Copy each line below as written, but skip the pictures.
Available data START
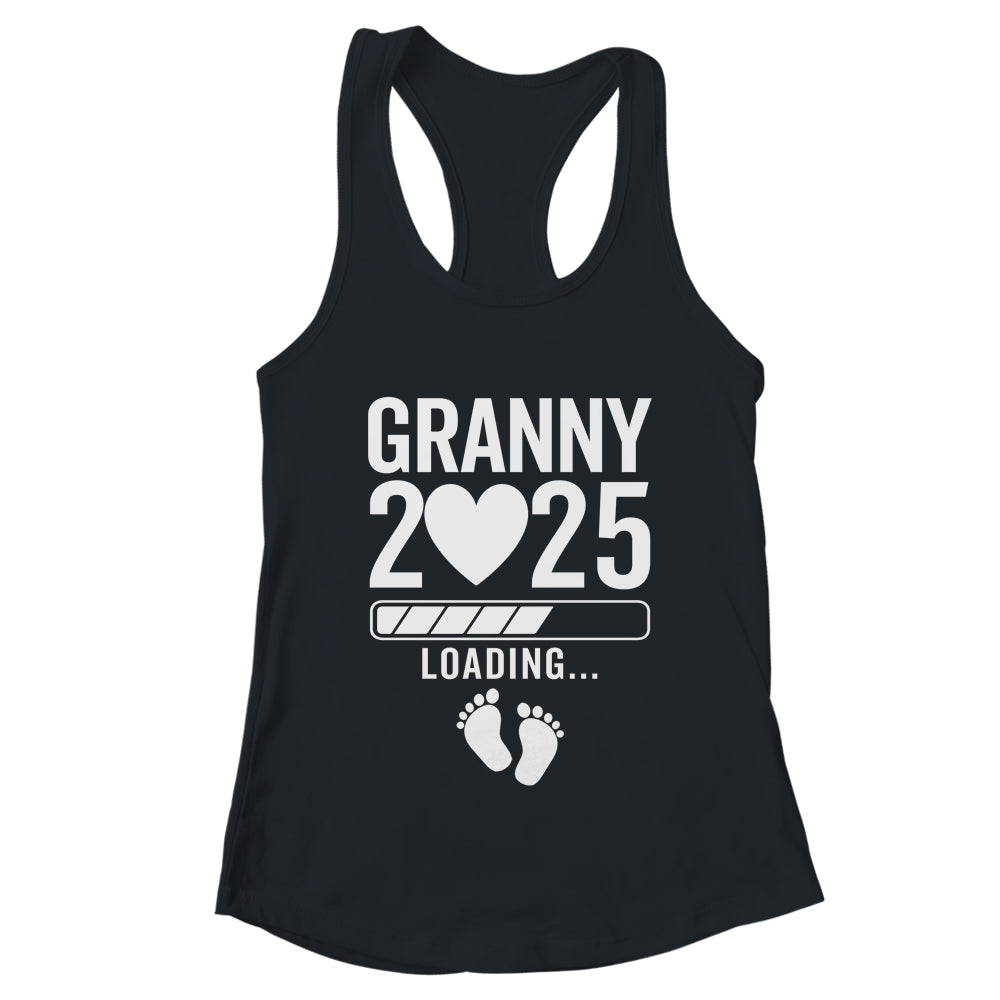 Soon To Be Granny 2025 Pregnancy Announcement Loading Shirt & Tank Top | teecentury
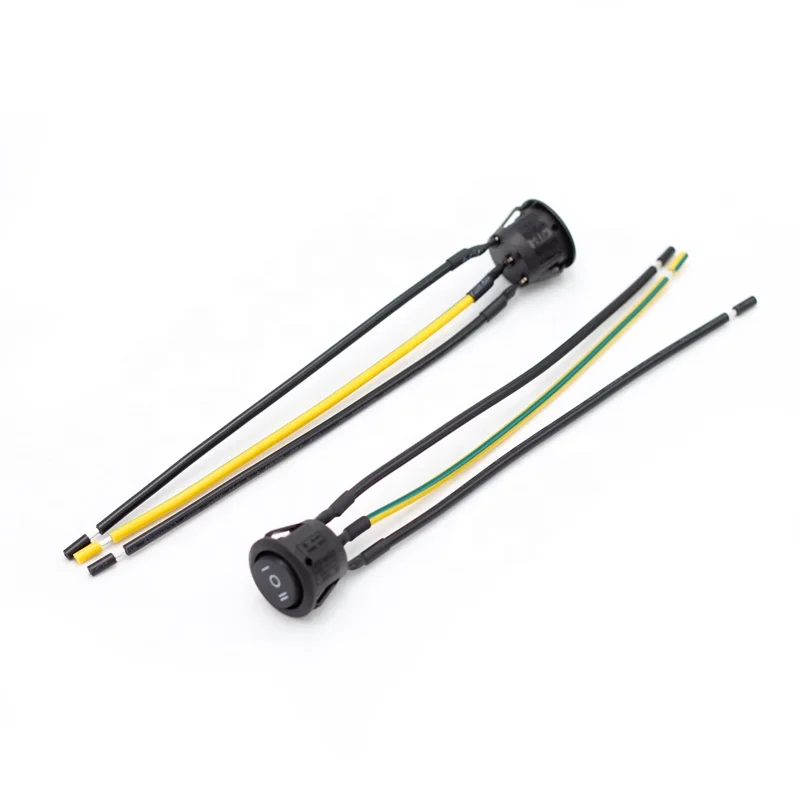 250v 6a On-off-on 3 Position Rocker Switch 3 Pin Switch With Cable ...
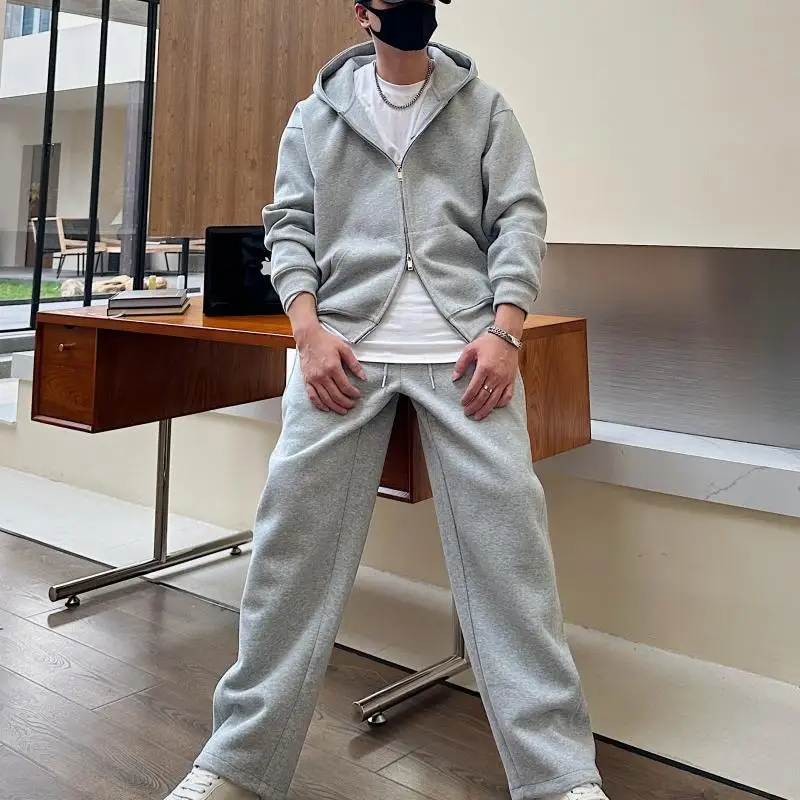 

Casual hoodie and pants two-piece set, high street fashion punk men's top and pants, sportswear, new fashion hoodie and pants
Available data END
> _Answer section_
 Soon To Be Granny 2025 Pregnancy Announcement Loading Shirt & Tank Top | teecentury
 250v 6a On-off-on 3 Position Rocker Switch 3 Pin Switch With Cable ...

Casual hoodie and pants two-piece set, high street fashion punk men's top and pants, sportswear, new fashion hoodie and pants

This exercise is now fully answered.